| 要旨トップ | 目次 | | 日本生態学会第57回全国大会 (2010年3月,東京) 講演要旨 |
一般講演(ポスター発表) P3-291
落葉広葉樹林全体の総光合成量は顕著な季節変化を示すと共に,気象条件の変動により大きな年変動を示すことが知られている。このような季節・年変動の理解のためには,生理生態学的な視点は有効である。本研究では,冷温帯落葉広葉樹林における林冠木および林床植生の個葉の光合成特性の季節変動とその年変動を明らかにするため,長期・学際的な炭素循環研究が行われている高山サイト(乗鞍岳山麓,岐阜県高山市)において,林冠の優占樹種であるミズナラおよびダケカンバを材料として,個葉の光合成能(Amax,Vcmax),暗呼吸速度,LMA(leaf mass per area),クロロフィル含量を季節を通じて6年間にわたり測定した。また,林床の優占種であるクマイザサ(常緑)についても,同様の測定を行った。

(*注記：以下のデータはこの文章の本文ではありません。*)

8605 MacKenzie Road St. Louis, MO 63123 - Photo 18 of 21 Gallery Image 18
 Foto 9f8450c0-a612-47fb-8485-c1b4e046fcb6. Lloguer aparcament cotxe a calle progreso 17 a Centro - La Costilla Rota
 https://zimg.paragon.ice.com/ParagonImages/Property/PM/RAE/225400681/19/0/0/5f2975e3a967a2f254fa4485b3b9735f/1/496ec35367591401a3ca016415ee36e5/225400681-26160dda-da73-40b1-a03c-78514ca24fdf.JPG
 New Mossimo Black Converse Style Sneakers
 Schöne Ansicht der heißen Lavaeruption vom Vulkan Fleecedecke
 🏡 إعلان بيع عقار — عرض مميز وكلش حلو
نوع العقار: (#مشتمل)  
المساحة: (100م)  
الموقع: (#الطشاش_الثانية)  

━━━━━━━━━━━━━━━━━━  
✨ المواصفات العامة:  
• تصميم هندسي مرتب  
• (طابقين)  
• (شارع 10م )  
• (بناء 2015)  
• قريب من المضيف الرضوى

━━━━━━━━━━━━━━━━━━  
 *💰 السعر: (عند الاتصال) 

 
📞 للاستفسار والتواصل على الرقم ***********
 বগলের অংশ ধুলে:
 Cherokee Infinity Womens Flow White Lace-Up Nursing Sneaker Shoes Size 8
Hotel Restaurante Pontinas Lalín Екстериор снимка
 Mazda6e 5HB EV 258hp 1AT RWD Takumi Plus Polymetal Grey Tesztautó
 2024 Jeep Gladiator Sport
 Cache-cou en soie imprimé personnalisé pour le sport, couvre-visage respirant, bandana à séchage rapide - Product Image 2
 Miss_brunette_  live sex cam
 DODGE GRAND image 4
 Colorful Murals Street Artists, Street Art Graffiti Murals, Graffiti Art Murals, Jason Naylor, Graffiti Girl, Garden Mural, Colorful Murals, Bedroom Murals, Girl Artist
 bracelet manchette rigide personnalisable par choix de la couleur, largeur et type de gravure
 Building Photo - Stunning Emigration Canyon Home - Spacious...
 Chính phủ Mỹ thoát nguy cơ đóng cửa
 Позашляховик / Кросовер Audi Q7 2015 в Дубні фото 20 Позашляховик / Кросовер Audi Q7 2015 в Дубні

ミズナラ,ダケカンバは共に融雪の2−3週間後(5月中旬から下旬)に展葉を開始した。展葉後,ミズナラは徐々に,ダケカンバは直ちに光合成能が上昇したが,その上昇速度や最大値,および最大値に達した時期はそれぞれ年によって大きく異なっていた。LMAは展葉後から落葉までの期間に徐々に増加し続けた。VcmaxはLMAとの間には相関が見られなかったが,SPAD値(クロロフィル含量の指標)との間には高い相関が認められた。
一方,クマイザサは,前年から残る葉(越年葉)に加え,6月上旬から中旬にかけて新たな葉(当年葉)を展葉させた。6月上旬,当年葉のVcmaxは越年葉の約1/2だったが,その後,当越年葉はわずかに,当年葉は大きく上昇し,7月下旬には当年葉の値が越年葉を上回った。